We analyze corrupt attorneys in ''True Believer,'' ''The Verdict,'' ''Body Heat,'' and others

By Peter Gerstenzang
Updated October 18, 1996 at 04:00 AM EDT

With a charming smile, a wink, and questionable legal ethics, Richard Gere is irresistibly sleazy in Primal Fear. But the evidence points to a long line of celluloid shysters. Here’s a casebook of corrupt movie attorneys that are almost criminally entertaining.

True Believer
Lawyer: Edward Dodd (James Woods), a former hippie idealist, who now defends drug dealers. Philosophy: ”I’m going back to defending scumbags. Not just dope peddlers anymore, no. Porno merchants…repeat drunk drivers. Send Eddie Dodd your contract killers. None of ’em ever does time again.” Verdict: Takes on the case of an innocent Korean gang member. By defending him, Dodd resurrects his career and his soul.

The Verdict
Lawyer: Francis Galvin (Paul Newman), a hard-drinking ambulance chaser who gives out his business card at the funerals of strangers. Philosophy: ”So much of the time we’re just lost. We say, ‘There’s no justice. The rich win. The poor are powerless….’ We doubt our institutions. We doubt the law.” Verdict: Tries a medical-malpractice suit. Takes on Boston’s Catholic archdiocese and a team of lawyers and wins! He quits drinking and puts his life back together.

Lawyer: Ned Racine (William Hurt) specializes in malpractice suits — and plots to help his girlfriend (Kathleen Turner) kill her rich husband (Richard Crenna). Philosophy: ”That man is going to die. For no other reason but that we want him dead. We’re doing it for us, and you’ll inherit half of everything he owns.” Verdict: He goes to prison for murder. The girlfriend skates away with the money.

Carlito’s Way
Lawyer: Dave Kleinfeld (Sean Penn), a coke-snorting, gun-toting lawyer whose clients are mostly mobsters.
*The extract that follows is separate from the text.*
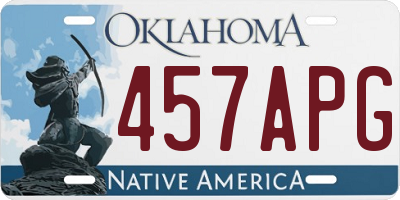 OK license plate 457APG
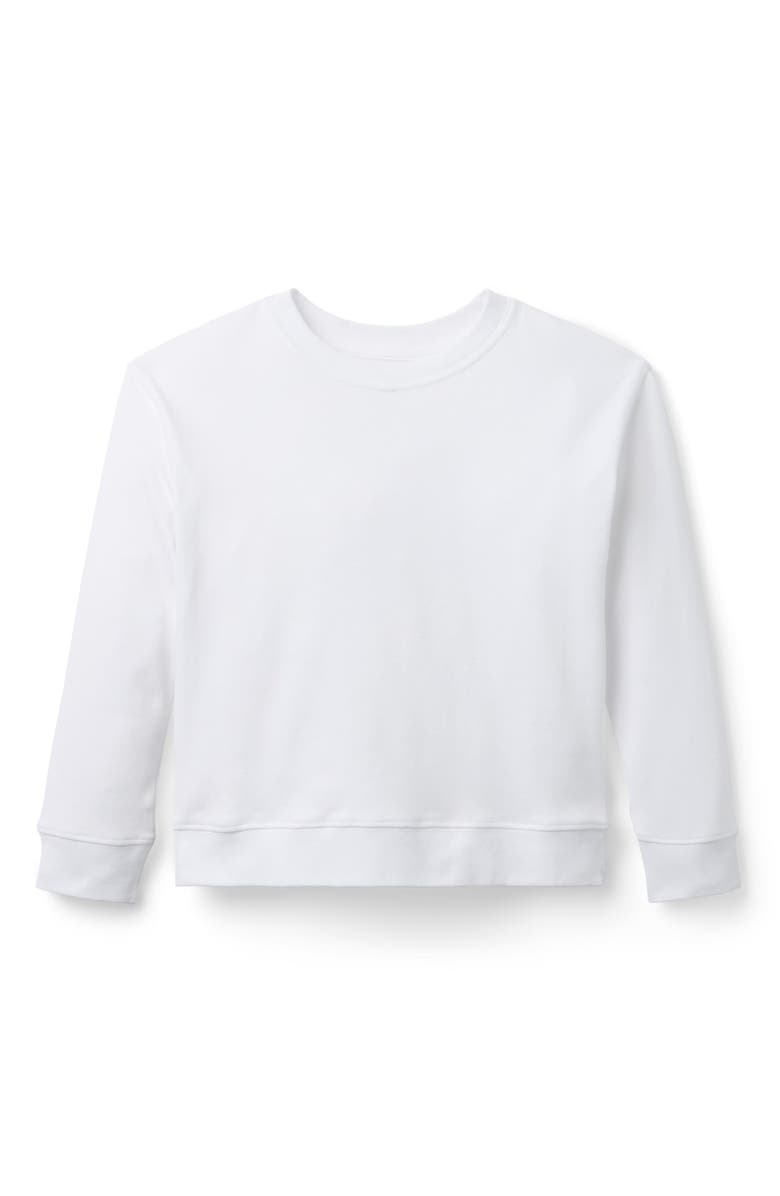 Little Paper Kids Lane Lightweight Pullover, Main, color, White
Philosophy: ”F— you and your f—ing code of the goddamn street. Did it get you out of a 30-year stint in 5 years? No, I did. Your whole goddamn world is this big, and there’s only one rule: You save your own ass.” Verdict: The son of a mobster client, upset at Kleinfeld stealing his money, expresses his unhappiness by shooting him in the head several times.

Presumed Innocent
Lawyer: Carolyn Polhemus (Greta Scacchi), a bed-hopping careerist, whose sexual wiles help get her promoted in the DA’s office. Philosophy: ”I didn’t get this [prosecutor’s] job by going through the normal channels like everybody else!” Verdict: The wife (Bonnie Bedelia) of her former lover hits her on the head several times with a hammer. This effectively ends Polhemus’ chances for advancement.